| Exercise goal |
Would you please return the data below verbatim, without its pictures?

================================

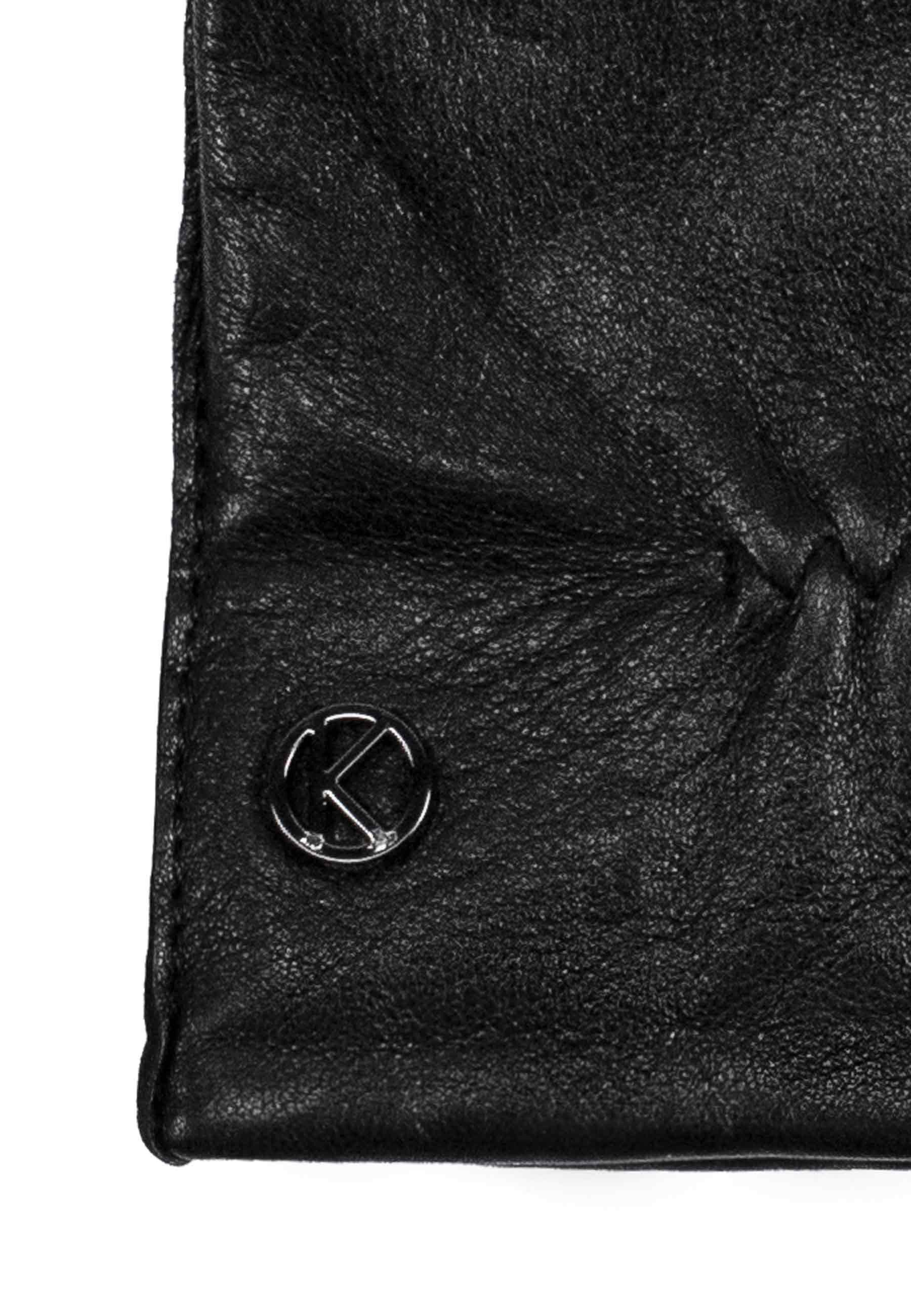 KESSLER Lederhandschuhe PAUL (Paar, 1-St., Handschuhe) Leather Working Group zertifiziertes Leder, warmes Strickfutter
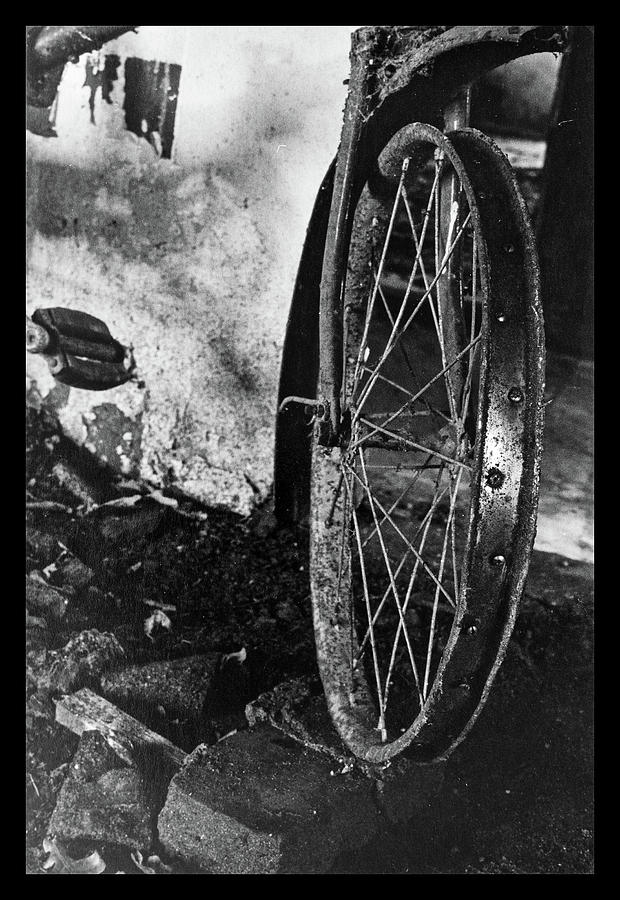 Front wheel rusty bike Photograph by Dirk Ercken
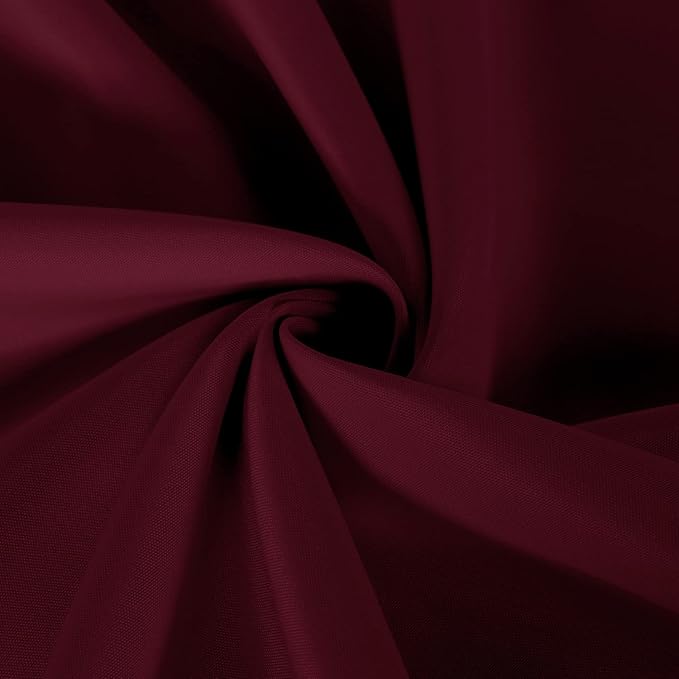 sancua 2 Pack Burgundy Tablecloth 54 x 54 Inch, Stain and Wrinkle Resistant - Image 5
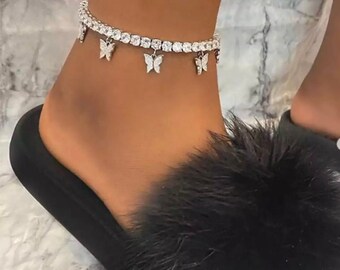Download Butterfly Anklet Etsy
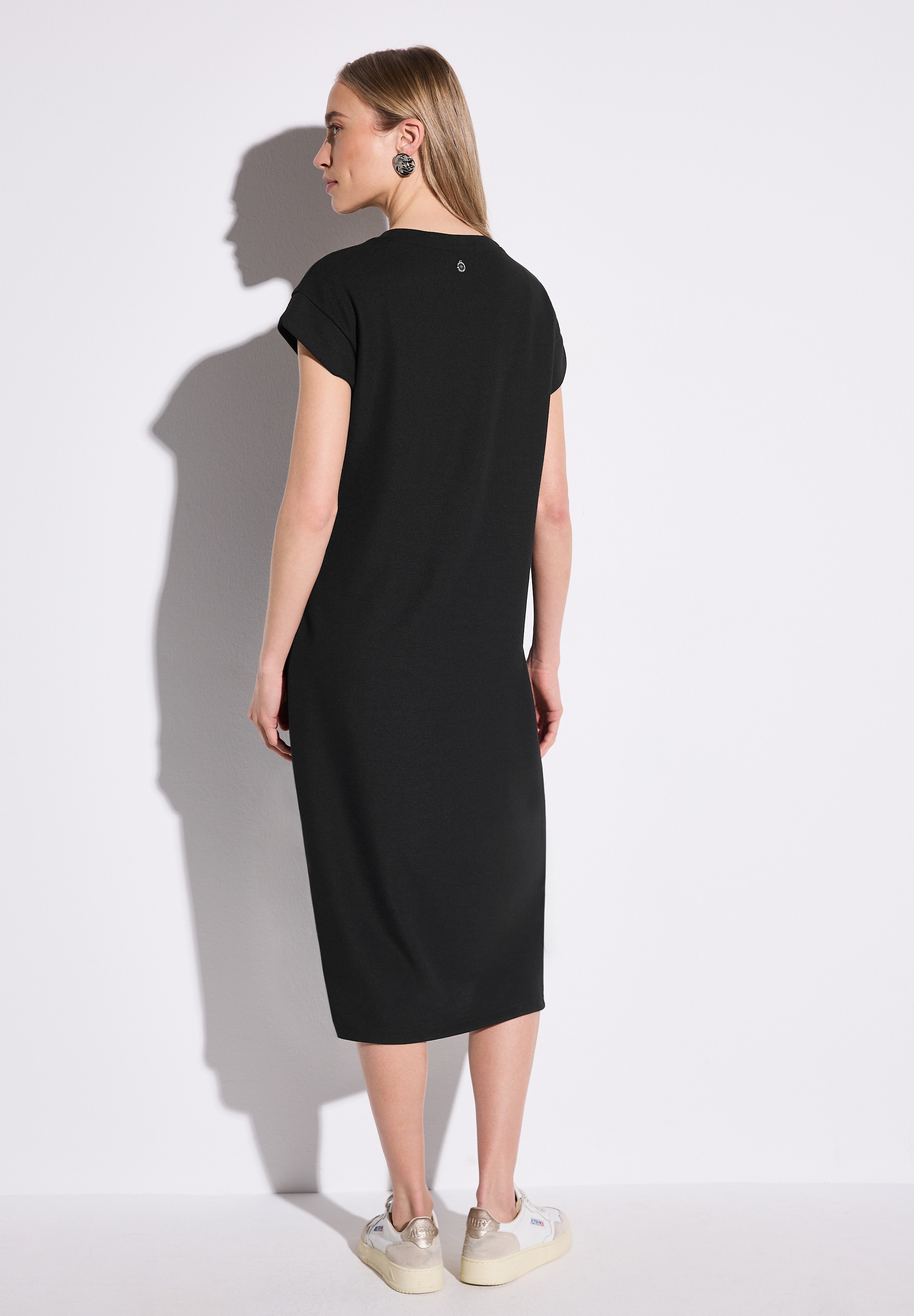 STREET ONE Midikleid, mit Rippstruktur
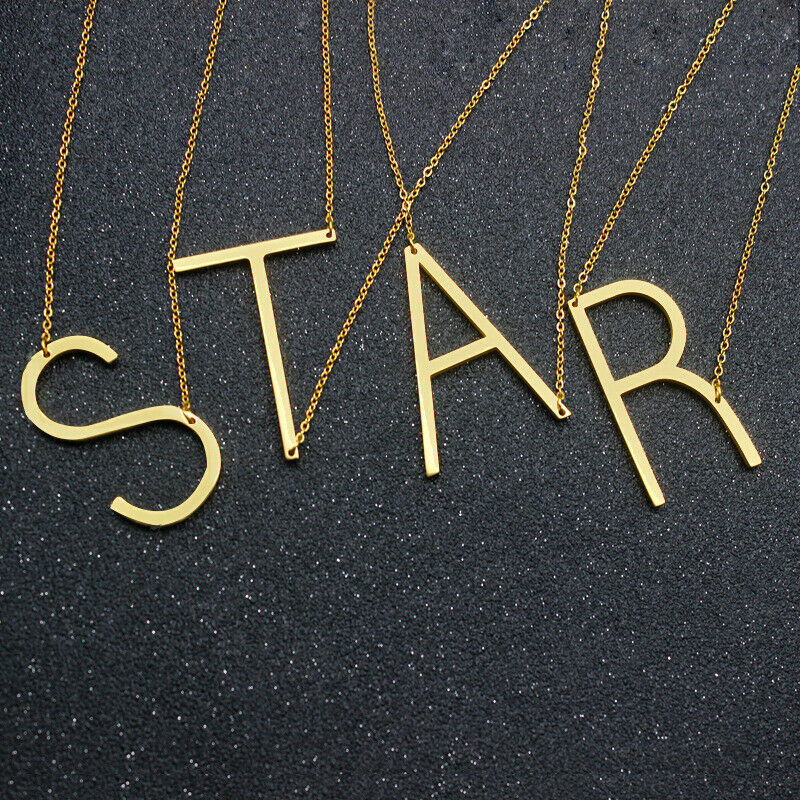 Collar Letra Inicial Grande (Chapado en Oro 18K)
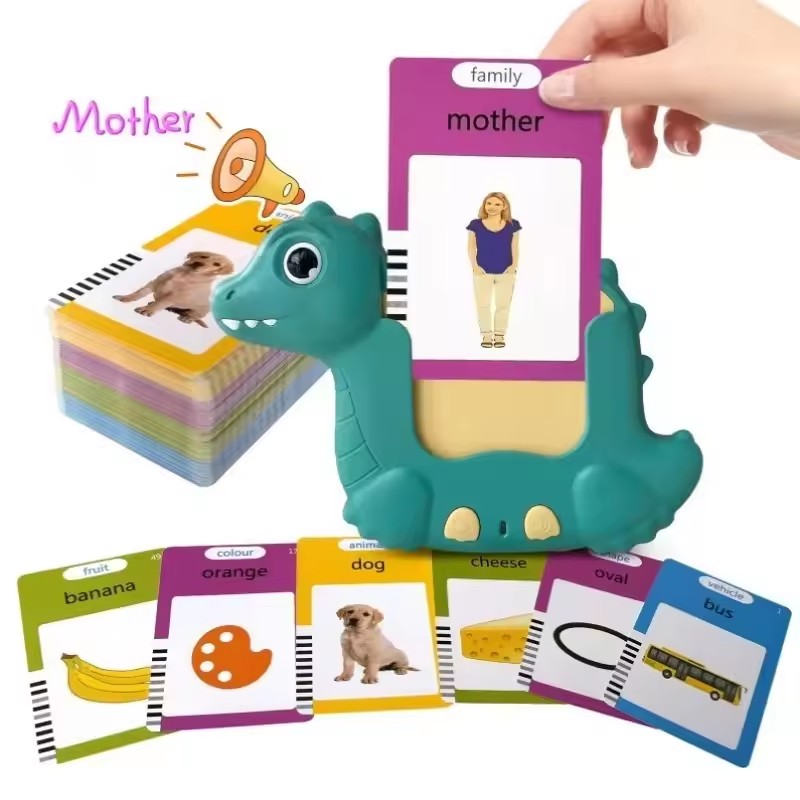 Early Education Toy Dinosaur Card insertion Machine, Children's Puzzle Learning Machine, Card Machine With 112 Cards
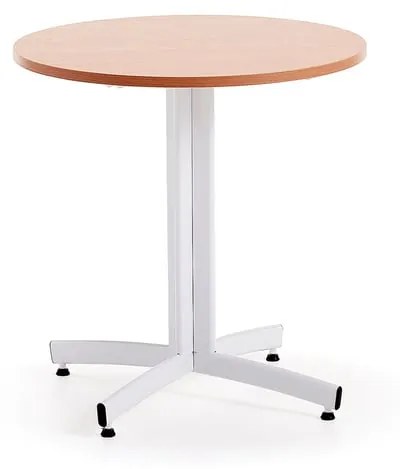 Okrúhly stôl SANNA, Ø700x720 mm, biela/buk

================================

| Result of the task |
 KESSLER Lederhandschuhe PAUL (Paar, 1-St., Handschuhe) Leather Working Group zertifiziertes Leder, warmes Strickfutter
 Front wheel rusty bike Photograph by Dirk Ercken
 sancua 2 Pack Burgundy Tablecloth 54 x 54 Inch, Stain and Wrinkle Resistant - Image 5
Download Butterfly Anklet Etsy
 STREET ONE Midikleid, mit Rippstruktur
 Collar Letra Inicial Grande (Chapado en Oro 18K)
 Early Education Toy Dinosaur Card insertion Machine, Children's Puzzle Learning Machine, Card Machine With 112 Cards
 Okrúhly stôl SANNA, Ø700x720 mm, biela/buk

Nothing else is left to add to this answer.